Advisory Committee’s Notes & Reporter’s Notes

Advisory Notes — June 2008

Rule 122 is similar to Rule 80(l). The court unification legislation authorized all actions for divorce and annulment pending in the Superior Court as original actions on or before December 31, 2000, to continue to be adjudicated in the Superior Court. At the same time, the unification legislation called for opportunity to transfer such actions to the District Court. This rule allows actions for divorce and annulment pending as original matters in the Superior Court to be transferred to the District Court for further processing under the Family Division rules. This transfer can only occur by agreement of the parties. Transfers cannot occur while the Superior Court is hearing or has under advisement the merits of any contested matter before it.

Plain-English Summary

A Family Division action pending in the Superior Court may move to the District Court by filing a notice of transfer the parties or their counsel agree to, along with any required fees paid to the Superior Court clerk. No one can request a transfer during a hearing or while the court has the merits of the action or a post-hearing motion under advisement. Before judgment, the case transfers to a District Court division in the county where either party resided when the action began; the notice must name the receiving court. After judgment becomes final, the case can transfer to any District Court division. The clerk files a copy of the record and all original papers with the receiving District Court, and from then on the action proceeds as though it had always been pending there.

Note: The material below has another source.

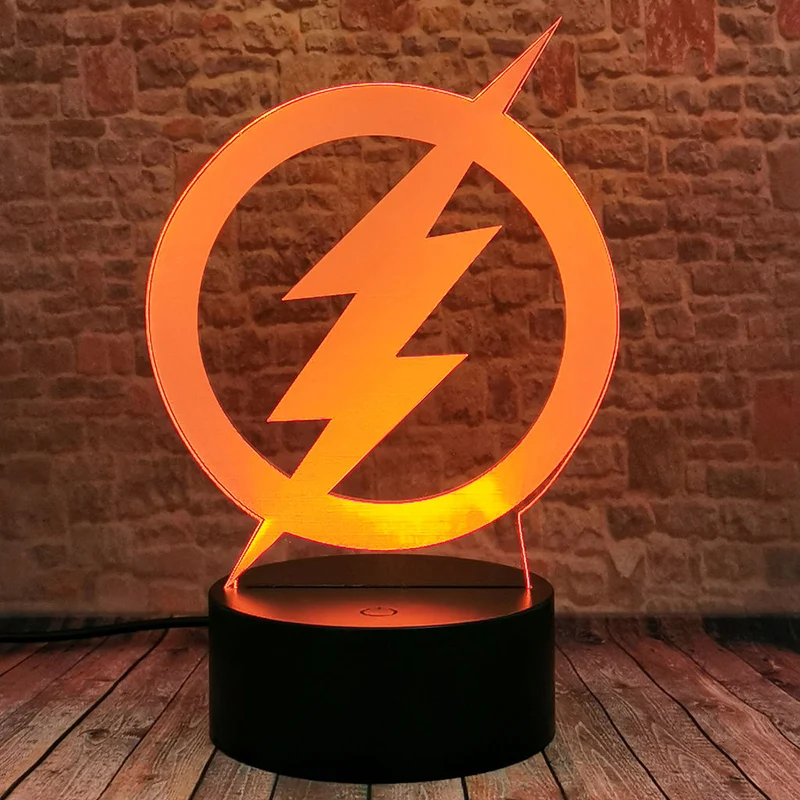 Der Flash Nachtlicht mit Flash Logo und Farbwechsel Effekt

Frequently Asked Questions

How does a Family Division case move from Superior Court to District Court in Maine?

By filing a notice of transfer that the parties or their counsel agree to, along with any required fees, subject to Rule 122's timing limits.

Can a case be transferred while a hearing is underway?

No. Rule 122 bars a transfer request during a hearing or while the court has the case's merits or a post-hearing motion under advisement.

What happens to the case record when a transfer is approved?

The Superior Court clerk files a copy of the record and all original papers with the receiving District Court, and the action proceeds as if it had always been pending there.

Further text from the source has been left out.